Dennis O'Donnell

Personal information
- Full name: Dennis O'Donnell
- Date of birth: q1 1880^{[A]}
- Place of birth: Willington Quay, England
- Position(s): Forward

Senior career*
- Years: Team / Apps / (Gls)
- –: Willington Athletic
- 1901–1905: Lincoln City / 118 / (31)
- 1905–1906: Sunderland / 21 / (5)
- 1906–1907: Queens Park Rangers / 25 / (7)
- 1907–1908: Notts County / 18 / (4)
- 1908–1909: Bradford Park Avenue / 10 / (1)

= Dennis O'Donnell =

English footballer

Dennis O'Donnell (q1 1880 – after 1908) was an English professional footballer who scored 41 goals from 167 appearances in the Football League playing as a forward for Lincoln City, Sunderland, Notts County and Bradford Park Avenue. He also played in the Southern League for Queens Park Rangers.

==Football career==
O'Donnell was born in Willington Quay, then in Northumberland. He made his debut for Lincoln City on 5 October 1901 in a 2–1 win at home to Middlesbrough in the Football League Second Division, and played for the club until the end of the 1904–05 season, during which he was the club's leading scorer, with 15 goals from League and FA Cup games. He then signed for First Division Sunderland. Though he scored on his First Division debut, his next goal came more than four months later, and at the end of the season he moved on to Southern League for Queens Park Rangers.

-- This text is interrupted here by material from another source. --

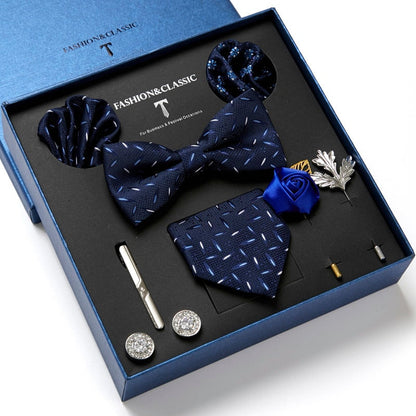 Premium Men's Tie Set in Elegant Gift Box - Befez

After one year in London, O'Donnell returned to the Football League, spending the 1907–08 season with Notts County and the 1908–09 season at Bradford Park Avenue.

==Notes==
A. : O'Donnell's birth was registered in the first quarter of 1880. However, a period of 42 days was permitted between birth and registration, so he may have been born as early as mid-November 1879.